Il disastro del Moby Prince avvenuto a Livorno il 10 aprile 1991
Il disastro della nave traghetto Moby Prince avvenne il giorno 10 aprile del 1991. In quella buia sera, entrò in collisione con la petroliera Agip Abruzzo nella rada del porto di Livorno. Lo scontro fece divampare un incendio che causò la morte di 140 persone a bordo del Moby Prince. Nell’articolo che segue ricostruiamo i fatti di questo terribile incidente.
Approfondimento
Lo scontro tra Moby Prince e la petroliera
Sono le ore 22.03 quando il traghetto Moby Prince della Nav.Ar.Ma. (Navigazione Arcipelago Maddalenino – oggi Moby Lines) molla gli ormeggi dal porto di Livorno per salpare verso Olbia. È il 10 aprile 1991. Mezzora dopo è in fiamme, trasformata in una bara galleggiante. Nella rada del porto toscano, la prua del traghetto è finita contro la petroliera Agip Abruzzo. Intanto, il porto toscano sembra essere diventata una base americana: è pieno di navi militari di ritorno dalla Guerra del Golfo.
I soccorsi sono impegnati sulla petroliera. Poi, per caso, alle 23.35 due ormeggiatori si accostano al traghetto in fiamme: è troppo tardi, le 140 persone a bordo sono già morte. C’è solo un superstite: si tratta del mozzo Alessio Bertrand, che si salva gettandosi in mare e che viene soccorso dagli ormeggiatori.
Da allora sono passati molti anni: secondo la Commissione d’inchiesta parlamentare, che attacca i soccorsi, l’indagine è stata «superficiale».
Le indagini: l’allarme, i dubbi, la ricerca della verità
In quella sera è la petroliera a lanciare l’allarme per un incendio a bordo, dopo la collisione con una bettolina:
«Come abbiamo fatto a scoprire noi che a finire contro la petroliera non era stata una bettolina bensì il Moby Prince? Abbiamo dato retta all’istinto; eravamo sotto l’Agip Abruzzo offrendo aiuto ai marittimi nel caso volessero abbandonarla. Abbiamo sentito che i soccorritori stavano dando l’allarme perché qualcuno aveva notato avvicinarsi una nave che si muoveva come se nessuno la guidasse, era senza più governo in mezzo a quel caos. È stato un flash. Abbiamo capito che doveva avere qualcosa a che fare con qualcosa di strano che avevamo scorto poco prima; come un inverosimile baluginare di fiamme dietro una sagoma scura. E ci siamo buttati da quella parte».
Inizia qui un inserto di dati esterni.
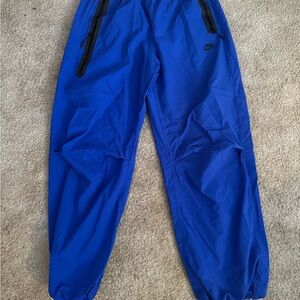 Nike Royal Blue Athletic Pants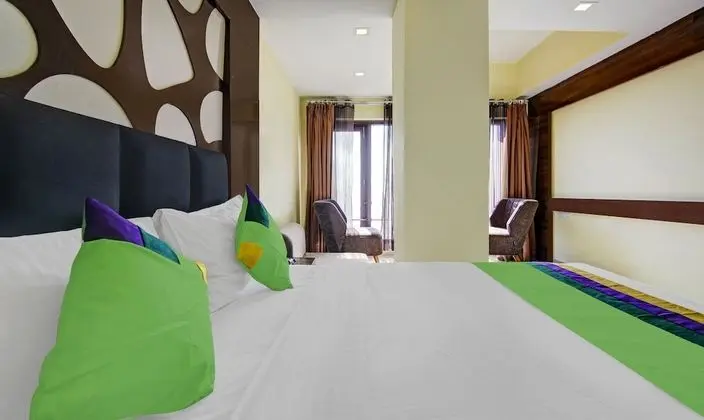 Deluxe Tek Büyük Yataklı Oda
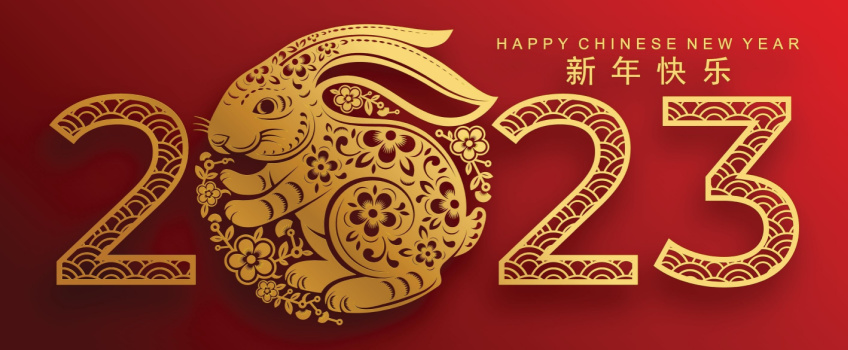 Chinese New Year of the Rabbit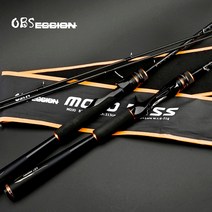 낚시대 장비 강박 관념 베이트 캐스팅 잉어 낚싯대 섹션 초경량 탄소 낚싯대 스피닝 캐스팅 태클, 213cm 캐스팅 m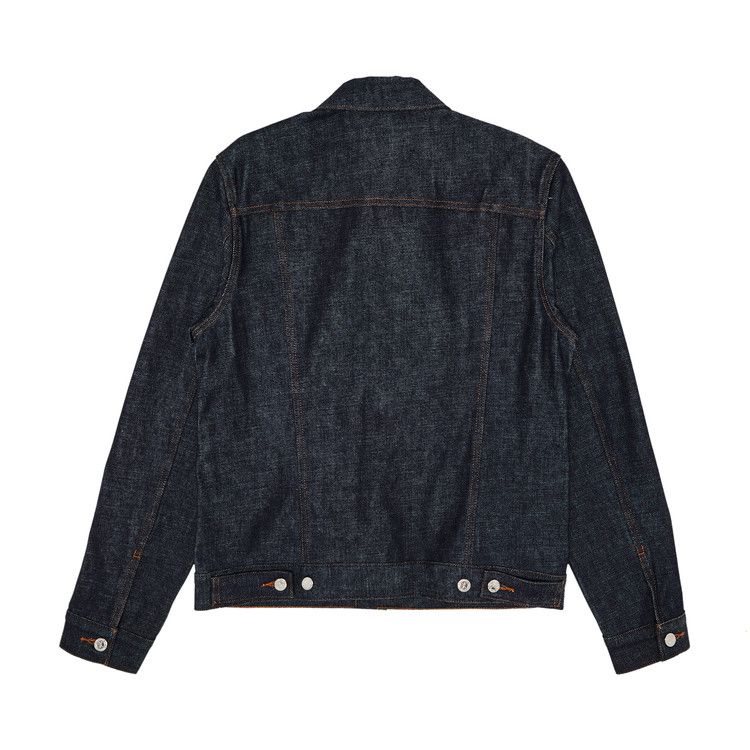 A.P.C. Veste Jean Work Jacket 'Indigo' — foto 3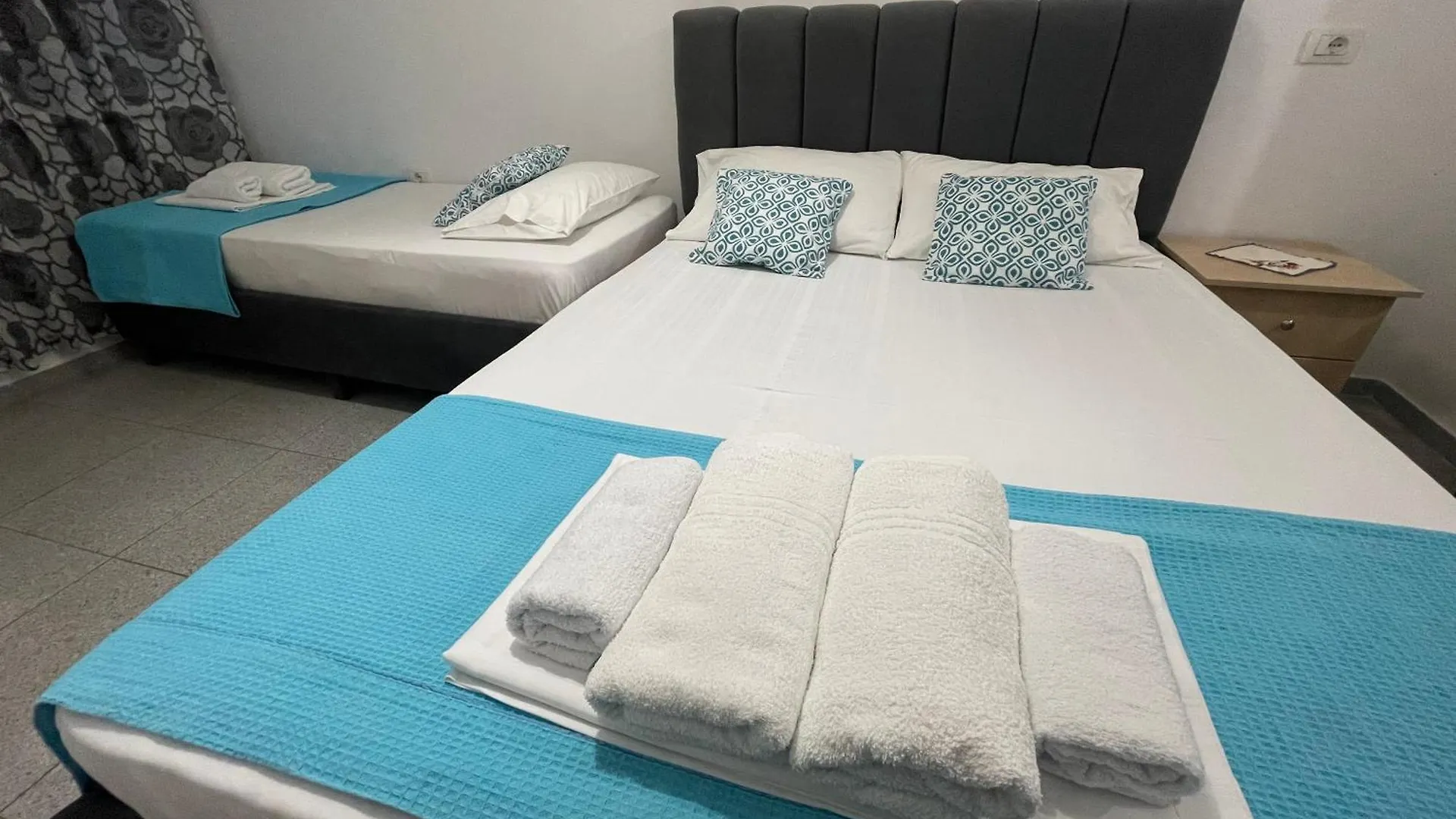 Vila Albi Ksamil Guest house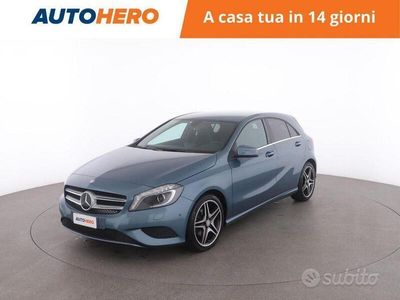 Mercedes A200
Sono le parole dei soccorritori. I due ormeggiatori sono Valter Mattei e Mauro Valli. Raccontano i due uomini:
«Che si trattava del Moby Prince ce l’ha detto il mozzo Alessio Bertrand, l’unico che ce l’ha fatta»
Si trovano a bordo dell’imbarcazione della Coop ormeggiatori, solo sette metri di vetroresina. La nave è fantasma; dopo aver portato in salvo il superstite, i due ormeggiatori tornano indietro, ributtandosi nella mischia, ma i motori sono ancora in funzione e la Moby Prince continua a girare; seguono una scia di odore di petrolio e la ritrovano: le lingue di fuoco escono dagli oblò.
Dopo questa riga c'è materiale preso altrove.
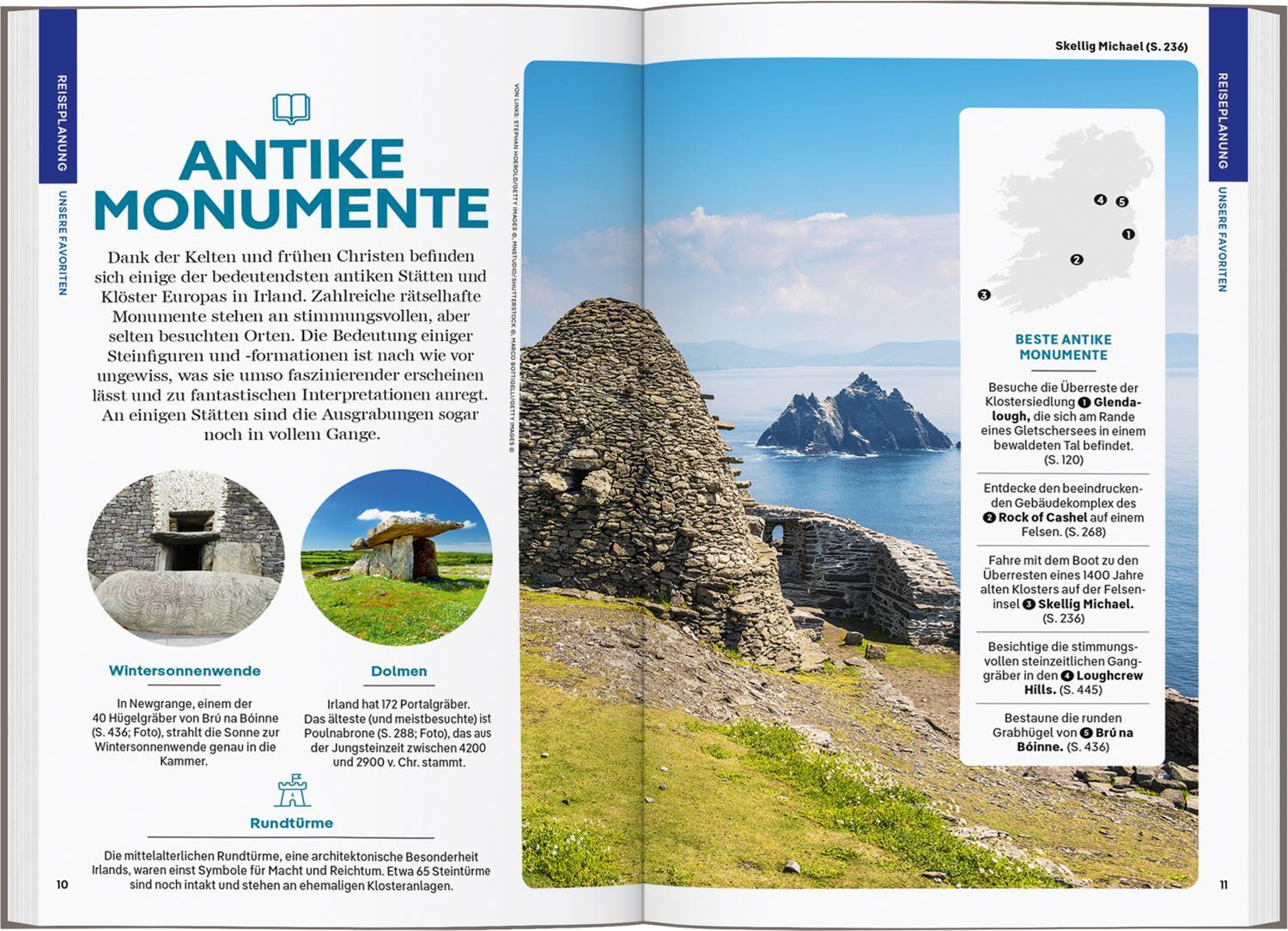 Bild: 9783575011237 | LONELY PLANET Reiseführer Irland | Isabel Albiston (u. a.) | Buch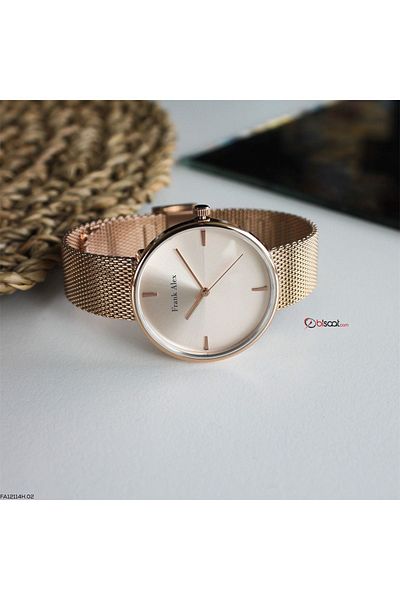 Frank Alex Fa12114H.02 Women Wrist Watch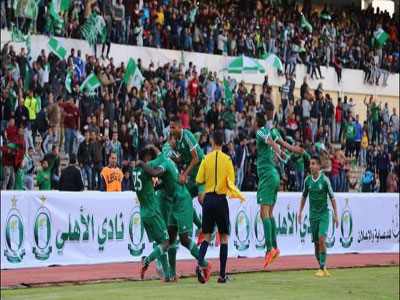 الاهلي طرابلس يواجه اتحاد الجزائر في دور 16 لبطولة أبطال إفريقيا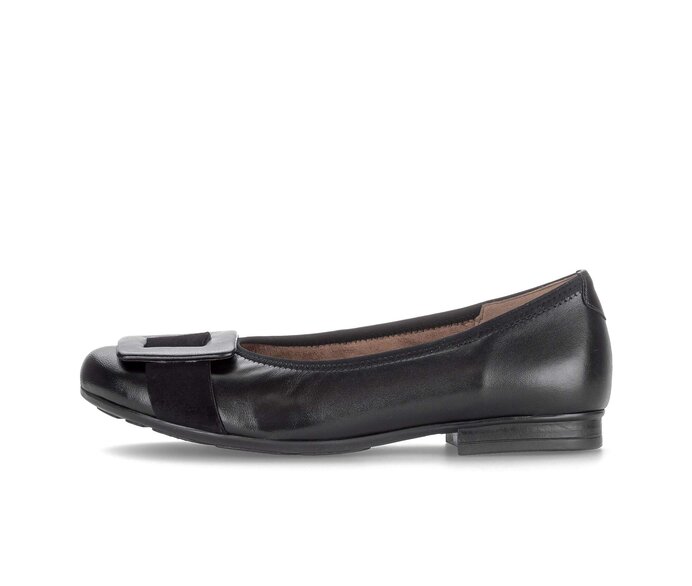 Elegante ballerina zwart #0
Il processo di primo grado a Livorno
La Procura di Livorno, dopo l’incidente, apre un fascicolo per omissione di soccorso e omicidio colposo. Il processo inizia il 29 novembre 1995. Gli imputati sono quattro: si tratta del terzo ufficiale di coperta dell’Agip Abruzzo Valentino Rolla, accusato di omicidio colposo plurimo e incendio colposo; Angelo Cedro, comandante in seconda della Capitaneria di Porto, l’ufficiale di guardia Lorenzo Checcacci, accusati di omicidio colposo plurimo per non avere attivato i soccorsi immediatamente; Gianluigi Spartano, un marinaio di leva, imputato anche lui per omicidio colposo ma per non aver trasmesso la richiesta di soccorso.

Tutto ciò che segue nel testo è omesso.